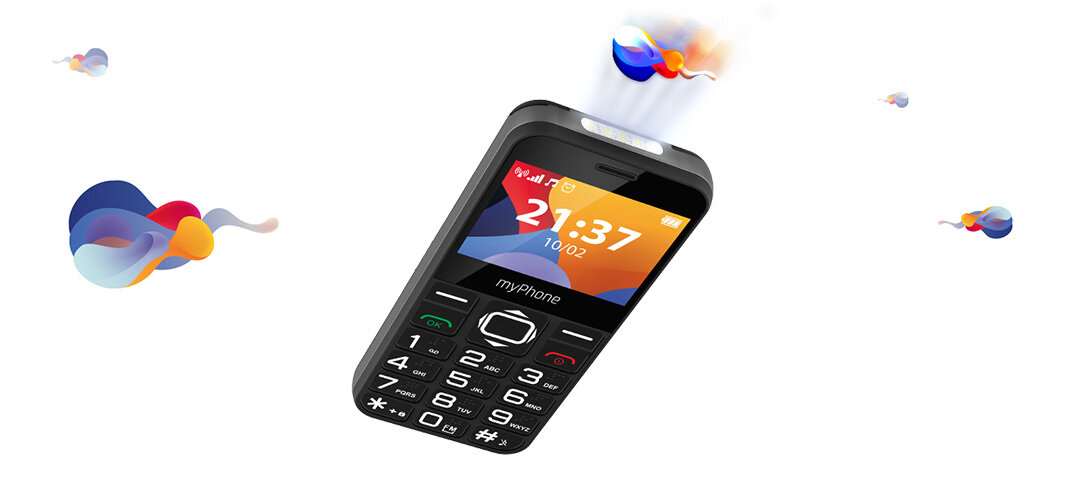 Na obrazie widoczny jest telefon komórkowy z dużymi przyciskami i wyświetlaczem pokazującym godzinę 21:37 oraz datę 10.02. Telefon jest w kolorze czarnym z czerwonymi i zielonymi przyciskami oraz napisem \'myPhone\' pod ekranem.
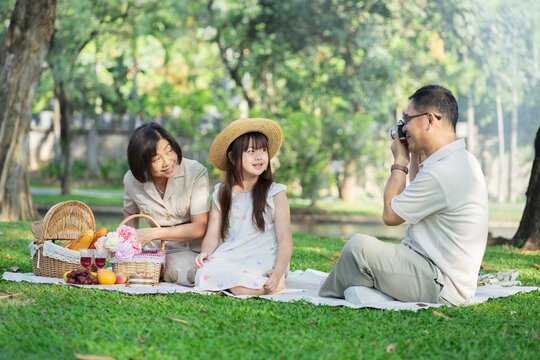 Happy family having picnic in the park with parents and kids sitting on the grass and enjoying taking a photo outdoors on a sunny summer day.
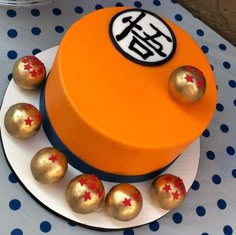 an orange cake with gold and red decorations sits on a white plate next to blue polka dot tablecloth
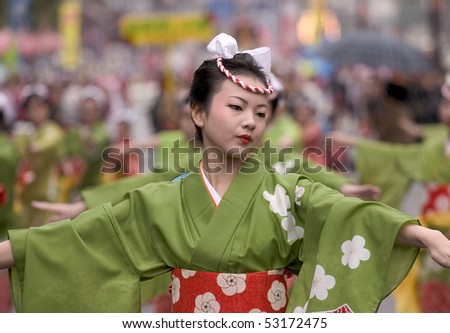 KAGOSHIMA CITY, JAPAN - NOVEMBER 3: A young woman in green yukata kimono dances during the Ohara Matsuri dance festival, November 3, 2005 in Kagoshima City, Japan.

» **EXERCISE GOAL**:
Where the line containing "an orange cake" appears in the data above, begin there and output every line through the last, exactly and without pictures.

» **YOUR RESPONSE**:
 an orange cake with gold and red decorations sits on a white plate next to blue polka dot tablecloth
 KAGOSHIMA CITY, JAPAN - NOVEMBER 3: A young woman in green yukata kimono dances during the Ohara Matsuri dance festival, November 3, 2005 in Kagoshima City, Japan.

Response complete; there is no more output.